C’est pourquoi toute sagesse humaine qui n’entre pas dans cette vérité est un néant qui conduit en enfer. Et tous les sages du monde, s’ils n’entrent pas dans cette vérité, sont des néants qui vont en enfer. Et quand l’âme voit cette vérité, elle agit sans vaine gloire, et sans retour sur elle-même.
CINQUANTE-SIXIÈME CHAPITRE
L’EXTASE
Tout ce que l’âme conçoit ou saisit lorsqu’elle est renfermée dans ses étroites limites, n’est rien auprès du ravissement. Mais quand elle est élevée au-dessus d’elle-même, illustrée par la présence de Dieu, quand Dieu et elle sont entrés dans le sein l’un de l’autre, elle conçoit, elle jouit, elle se repose dans les divins bonheurs qu’elle ne peut raconter. Ils écrasent toute parole et toute conception. C’est là que l’âme nage dans la joie, dans la science ; illustrée à la source de la lumière, elle pénètre les paroles obscures et embarrassantes de Jésus-Christ. Elle comprend aussi pourquoi, et de quelle manière la douleur sans adoucissement habita l’âme du Christ.
Mon âme, ainsi illustrée, et transformée en Jésus-Christ souffrant, chercha s’il y avait là quelque adoucissement, et trouva qu’il n’y en a point.

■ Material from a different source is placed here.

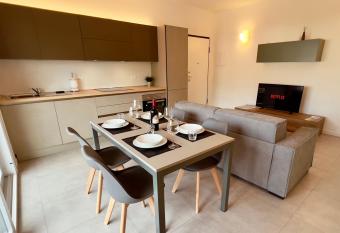 Residence Contea 2 has Balcony rooms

Quand mon âme se recueille dans les douleurs de l’âme du Christ, elle ne trouve là aucune place pour la joie : il n’en est pas ainsi quand elle se recueille dans les douleurs de son corps : dans ce dernier cas, elle trouve la joie après la tristesse, et à la hauteur où elle est portée, elle découvre le mystère de ces contrastes. Mon âme voit, à cette lumière, que Jésus-Christ souffrit autant, à l’expérience près, dans le sein de sa mère que sur la croix. Mon âme plonge alors dans les jugements de Dieu et dans les secrets de l’ineffable, vers lesquels Dieu la transporte. Souvent Dieu fait de tels prodiges dans mon âme que je le reconnais dans mes merveilles intérieures ; car aucune créature n’en est capable, et Lui seul peut les opérer.

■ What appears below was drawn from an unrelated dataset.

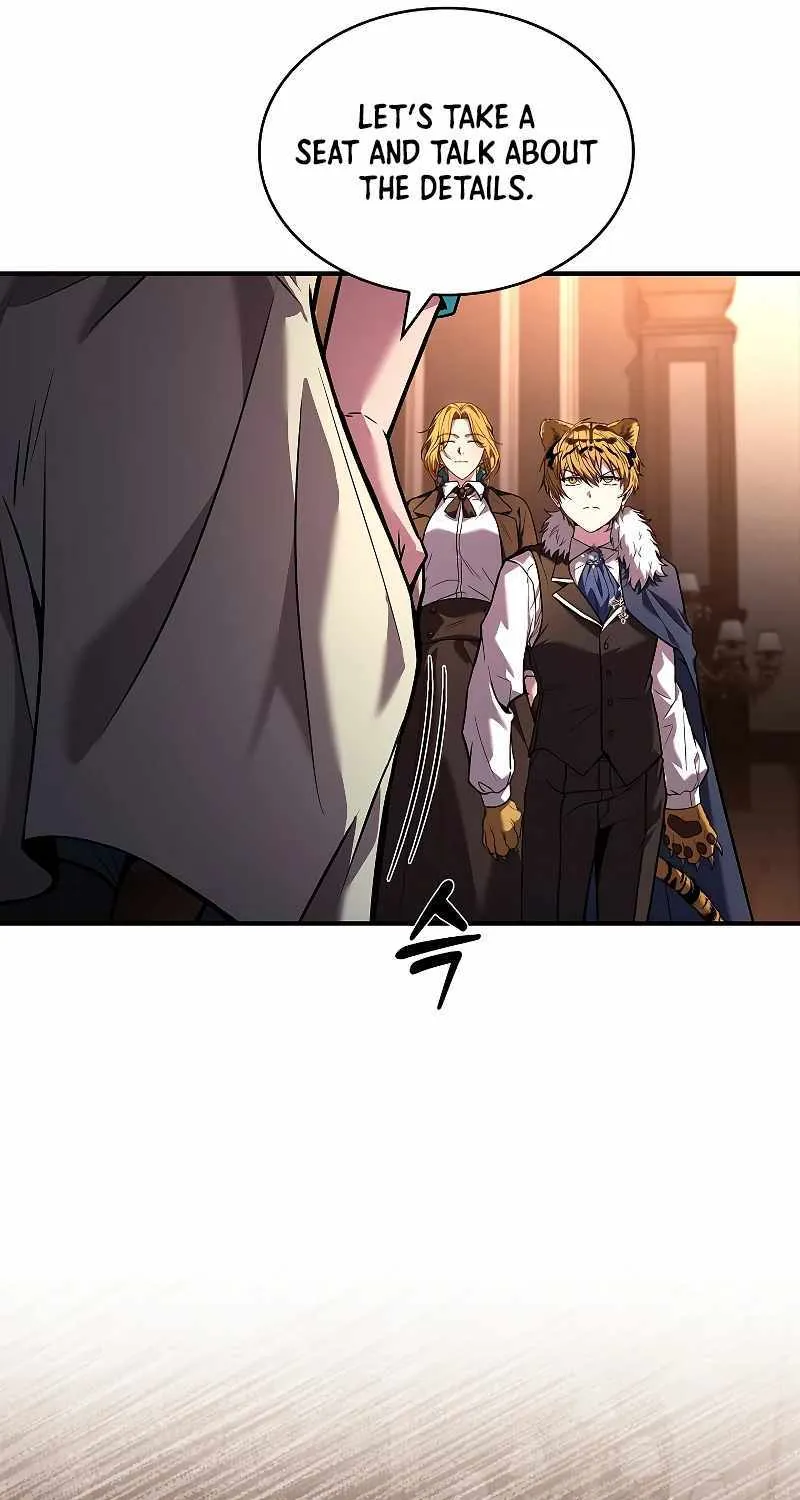 Talent-Swallowing Magician Chapter 61 page 57 -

Souvent mon âme est élevée en Dieu à de si foudroyantes joies que leur durée serait intolérable au corps qui laisserait là sur place ses sens et ses membres. Il y a un jeu que Dieu joue quelquefois dans l’âme et avec l’âme, c’est de se retirer, quand elle veut le retenir ; mais la joie et la sécurité qu’il laisse en se retirant disent à l’âme : « C’était bien Lui ! » Oh ! Quelle vue et quel sentiment ! Ne me demandez ni explication, ni analogie ; il n’y en a pas. Cette illustration, cette jouissance, cette délectation, cette joie sont chaque jour différentes d’elles-mêmes.
Chaque extase est une extase nouvelle, et toutes les extases sont une seule chose inénarrable. Les révélations et les visions se succèdent sans se ressembler. Délectation, plaisir, joie, tout se succède sans se ressembler. Oh ! ne me faites plus parler. Je ne parle pas, je blasphème ; et si j’ouvre la bouche, au lieu de manifester Dieu, je vais le trahir.
CINQUANTE-SEPTIÈME CHAPITRE
CONNAISSANCE DE DIEU ET DE SOI
Je suis une aveugle, je vais dans les ténèbres. La vérité n’est pas en moi. Suspectez, ô mes enfants, les paroles de cette pécheresse, et ne les suivez que quand elles ressemblent aux vestiges de Jésus-Christ et placent vos pieds dans l’endroit où il a mis les pieds.